In November 1959, additional repairs and alterations were made to the depot by Southern Pacific, and by January 1960, the Greyhound Bus Company had moved from its Main Street location to the two leased waiting rooms in the depot. The alterations included installing a ticket counter by the south main waiting room wall, removing the wall between the main waiting room and the women’s waiting room, and installing double doors on the north and west walls. A Greyhound Bus sign was put on the north end of the depot roof.

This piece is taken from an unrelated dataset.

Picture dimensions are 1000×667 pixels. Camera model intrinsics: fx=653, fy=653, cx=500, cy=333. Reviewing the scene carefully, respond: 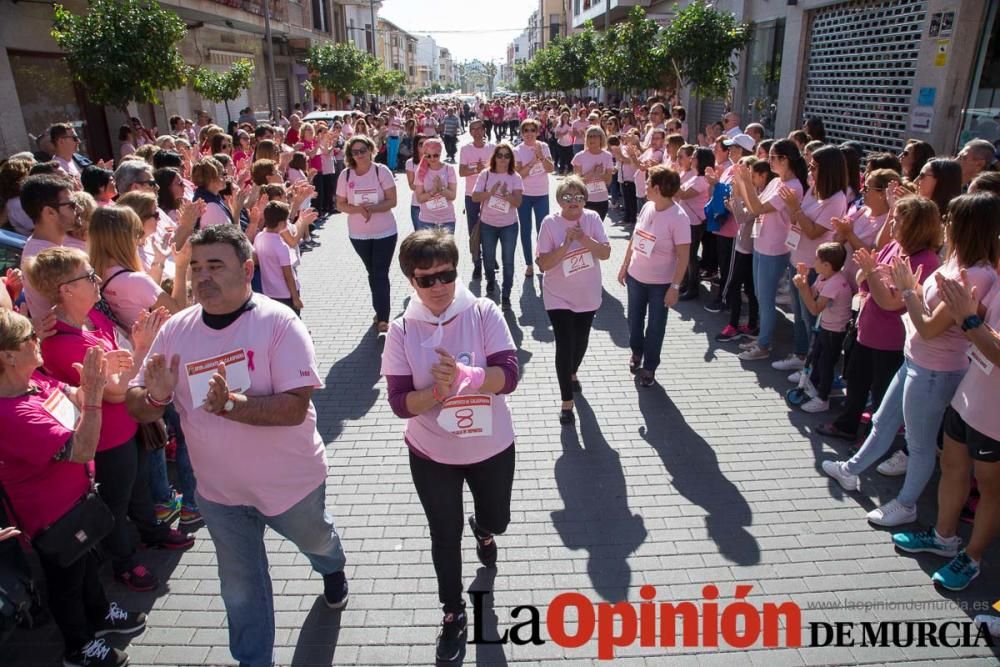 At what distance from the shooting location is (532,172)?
9.14m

Also around this time, and possibly as part of this same project, the depot office was remodeled. The alterations to the office included installing sheets of dark brown wood paneling on the walls above the wainscoting and installing fluorescent ceiling light fixtures. Gold and brown vinyl flooring was installed on the wood floor, and a gas heater was suspended from the ceiling in the office with a vent running through the wall to the waiting room. Later, a restroom for train crews was constructed in the southeast corner of the baggage room accessed through a new exterior door in the south wall.

During this time of change and decline in railroad passenger operations, several SP employees worked at the Woodland passenger depot, including Edward D. Queen who worked as the chief passenger and freight agent from 1947 until he retired in 1957. He was followed as agent by Richard Henry Vermilion who worked there at least until 1965. Vermilion was also listed in the phone directory as the agent for the Pacific Motor Trucking Company. A 1969 photo shows a Southern Pacific trailer parked on the south side of the depot.

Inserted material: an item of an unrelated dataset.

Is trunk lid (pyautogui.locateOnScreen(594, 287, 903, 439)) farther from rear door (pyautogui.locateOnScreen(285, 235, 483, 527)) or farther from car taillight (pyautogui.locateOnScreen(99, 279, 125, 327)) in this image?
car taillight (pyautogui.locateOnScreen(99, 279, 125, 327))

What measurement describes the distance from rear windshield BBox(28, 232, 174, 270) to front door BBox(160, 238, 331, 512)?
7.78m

A number of telegraphers also worked at the depot during this time period. In the 1950’s, Ruth “Bunny” Russell, operated the telegraph and typed train orders. The typewriter she used for the train orders was donated by her daughter, and today is prominently displayed on a desk in the depot office. After she left the Woodland depot, Russell became the operator of the “I” Street bridge in Sacramento. Don Tallman and Woodland resident Walt Stabler worked as telegraphers in the depot in the late 1950’s and early 1960’s. As told by Stabler, sometime after Greyhound opened for business in the depot, a man entered through the west doors of the waiting room and robbed the woman working behind the bus company’s counter. After the robber left, she ran to the depot office and frantically told him about the robbery. Stabler had been working in the office but had not been aware of the robbery.

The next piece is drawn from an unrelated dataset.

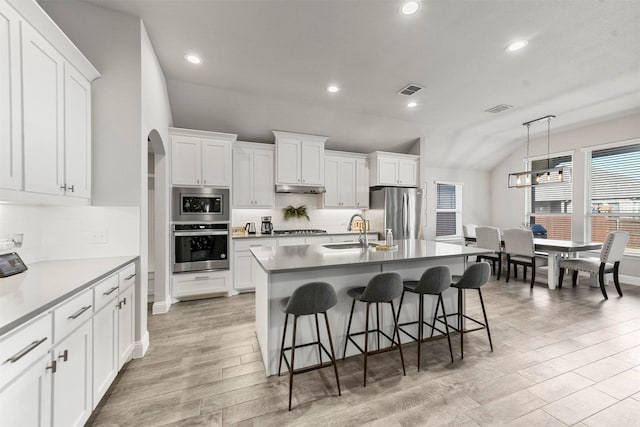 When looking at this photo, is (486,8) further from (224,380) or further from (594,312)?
(594,312)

In the 1950’s and the beginning of the 1960’s the number of daily passenger trains stopping at the Woodland depot declined and eventually dropped to four, the north and south runs of the Cascade and the Shasta Daylight. Then, as passenger ridership continued to sharply decline, Southern Pacific greatly reduced services and amenities on its passenger trains, and by 1966, Southern Pacific passenger trains no longer stopped in Woodland, although they still passed by. Photos from the 1970’s show cars and pick-up trucks parking under the arcade where passengers once waited for trains. Finally, the last regularly scheduled passenger train on the West Valley Line, Amtrak’s #11 Coast Starlight, rolled past the depot on April 24, 1982.

In 1988, Southern Pacific, which had just installed a new computer system, decided to transfer the only remaining employee, station agent Joe Saylor of Woodland, to Sacramento, where he could do all of the Woodland work by telephone and computer. They then announced that they would demolish the depot. On February 27, 1991, the Southern Pacific signal maintainer dismantled the signal lines in the depot and the depot was no longer in service.